Wow!! What a difference that strap makes. You did right by picking that one, a perfect match. I have been looking for a T-Touch and was thinking about the bracelet version. Seeing yours, I am rethinking maybe the strap version would be the betteer choice and more options.

Congrats on a perfect pair. Enjoy it often and wear it in good health!


----------



## Woaloo (Jan 3, 2008)

:-!
Wow, very nice and cool advise.
After disassembling, now customising, next....
...tweaking...

Thanks man.

I'm going to look after NATO-Matarac-Zulu band ;-)


PS: removing old bracelet was not too hard ?


----------



## halfapie (Jul 29, 2008)

Woaloo said:


> :-!
> 
> I'm going to look after NATO-Matarac-Zulu band ;-)
> 
> PS: removing old bracelet was not too hard ?


Careful, maratac's zulu band won't work because of the notch on the case near the lugs. Well, you can force it to fit, but you can't slide in a zulu band on this case. 

Removing the old bracelet was not too hard at all, but I'm not sure how one would do it without scratching the watch. I was very careful with it but the Ti scratches easily. Fortunately the scratches all buffed out easily.


----------



## Aktravel (Feb 19, 2011)

where can if find this band and who makes it.. trying to find a no Tissiot band to fit a t touch.


----------



## charliegmt (Jul 29, 2010)

|>


----------



## halfapie (Jul 29, 2008)

For those who wanted to know, this is the "pan style" strap from freda watch straps's European collection.


----------



## Twitter (Feb 20, 2011)

A Tissot Touch Expert Titanium with "carbon" strap from Morellato


----------



## jcampbell (Aug 18, 2011)

Hi, the touch looks great! Tell me did you use the same original spring bars to mount the band? I would very much Like to do the same thing. and noticed not much available in the way of info on the net!

Cheers

james Wilson


----------



## mikeynd (Dec 11, 2008)

You could use the original bars that come with the Tissot,and just a fyi...The bars are not spring.


----------



## Silmatic (Mar 15, 2011)

Hi, Thought I'd show my alternative strap combinations for my touch. It all started when I dropped the watch and consequently broke the little pin on the clasp, with the cost of a new clasp being more than I would care to pay for a complete strap I stated to experiment.
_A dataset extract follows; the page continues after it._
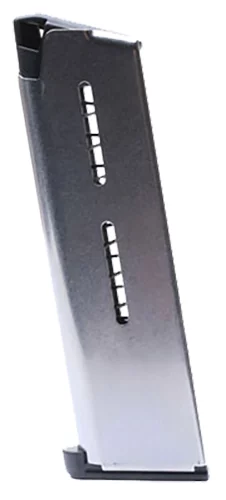 Wilson Combat 47C 1911 7rd Detachable w/ Lo-Profile Steel Floor Plate 45 ACP Stainless Steel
The first one I tried was a Nato but it didn't look so good, it was during my Internet search for a Nato that this new obsession for watches was sparked. It would have been much cheaper in the long term if I had just bought a replacement clasp.

BTW, spring bars work just fine but if you do put a Nato on there, don't slide it as you will fray the edges on the sharp lugs. I ended up preferring a Zulu on the watch, they are too thick to slide.

I originally got the mesh for my Monster but found the bracelet too light for heavier watches, I think it is more suited to the lighter quarts watches


----------



## jcampbell (Aug 18, 2011)

Hey....love that mesh bracelet! Where did you get and could you provide a link! It looks just what I'm looking for!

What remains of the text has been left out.